The study authors also explored the effect of “vaccine hesitancy” on future infection dynamics. Their model found that people who decline to partake in pharmaceutical and non-pharmaceutical measures to contain the coronavirus could nonetheless slow containment of the virus even if a vaccine is available.
“Our model indicates that if vaccine refusal is high and correlated with increased transmission and riskier behavior such as refusing to wear a mask, then the necessary vaccination rate needed to reach herd immunity could be much higher,” said co-author Simon Levin, the James S. McDonnell Distinguished University Professor in Ecology and Evolutionary Biology and an associated faculty member in PEI. “In this case, the nature of the immune response after infection or vaccination would be very important factors in determining how effective a vaccine would be.”
“When so much uncertainty in the underlying processes exists, it can be challenging to make accurate projections about the future,” Grenfell said. “We argue in this study that ultimately, a family of both simple and more complex models is the best way to proceed under these circumstances. Comparing the predictions of these models carefully and then coming up with a carefully averaged picture of the future — as with weather prediction — can be very helpful.”
One of the main takeaways of the study is that monitoring population-level immunity to SARS-CoV-2, in addition to active infections, will be critical for accurately predicting future incidence.
“This is not an easy thing to do accurately, particularly when the nature of this immune response is not well understood,” said co-author Michael Mina, an assistant professor at the Harvard School of Public Health and Harvard Medical School. “Even if we can measure a clinical quantity like an antibody titer against this virus, we don’t necessarily know what that means in terms of protection.”
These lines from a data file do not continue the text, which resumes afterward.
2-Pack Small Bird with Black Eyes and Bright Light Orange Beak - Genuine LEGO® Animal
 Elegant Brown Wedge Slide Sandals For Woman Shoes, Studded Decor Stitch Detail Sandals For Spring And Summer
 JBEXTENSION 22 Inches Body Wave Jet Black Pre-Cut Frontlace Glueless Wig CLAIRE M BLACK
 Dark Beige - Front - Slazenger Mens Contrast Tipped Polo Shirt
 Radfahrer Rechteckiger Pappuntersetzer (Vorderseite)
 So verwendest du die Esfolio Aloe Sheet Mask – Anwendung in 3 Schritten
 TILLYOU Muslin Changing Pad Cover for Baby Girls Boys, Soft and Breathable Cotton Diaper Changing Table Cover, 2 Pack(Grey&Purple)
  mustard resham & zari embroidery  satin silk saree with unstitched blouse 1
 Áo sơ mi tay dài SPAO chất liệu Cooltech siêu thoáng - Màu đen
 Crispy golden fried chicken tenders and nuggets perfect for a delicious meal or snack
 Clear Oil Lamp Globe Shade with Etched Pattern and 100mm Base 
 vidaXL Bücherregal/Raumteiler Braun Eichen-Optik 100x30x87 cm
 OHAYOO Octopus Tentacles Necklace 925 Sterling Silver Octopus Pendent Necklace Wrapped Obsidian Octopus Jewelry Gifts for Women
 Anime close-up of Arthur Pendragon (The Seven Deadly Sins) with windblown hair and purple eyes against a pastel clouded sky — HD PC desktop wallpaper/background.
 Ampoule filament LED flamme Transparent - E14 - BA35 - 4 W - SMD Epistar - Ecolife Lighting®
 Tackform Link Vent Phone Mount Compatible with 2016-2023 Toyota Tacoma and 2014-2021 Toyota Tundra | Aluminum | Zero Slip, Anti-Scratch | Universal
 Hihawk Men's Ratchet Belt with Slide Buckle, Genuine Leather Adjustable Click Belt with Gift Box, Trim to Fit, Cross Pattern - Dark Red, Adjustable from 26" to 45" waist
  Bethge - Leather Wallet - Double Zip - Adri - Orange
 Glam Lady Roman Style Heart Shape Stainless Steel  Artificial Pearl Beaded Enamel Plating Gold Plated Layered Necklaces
“Studying the effects of T-cell immunity and cross-protection from other coronaviruses are important avenues for future work,” Metcalf said.
Additional authors on the paper include Rachel Baker, a PEI postdoctoral research associate; Sinead Morris, a postdoctoral research scientist at Columbia University who received her Ph.D. in ecology and evolutionary biology from Princeton; and Jeremy Farrar, director of the Wellcome Trust.
The paper, “Immune life-history, vaccination, and the dynamics of SARS-CoV-2 over the next five years,” was published online by Science Sept. 21. This work was supported by funds from the Natural Sciences and Engineering Research Council of Canada, the Life Sciences Research Foundation, the Cooperative Institute for Modelling the Earth System (CIMES) at Princeton University, the James S. McDonnell Foundation, the C3.ai Digital Transformation Institute, the National Science Foundation, the US Centers for Disease Control and Prevention, and Flu Lab.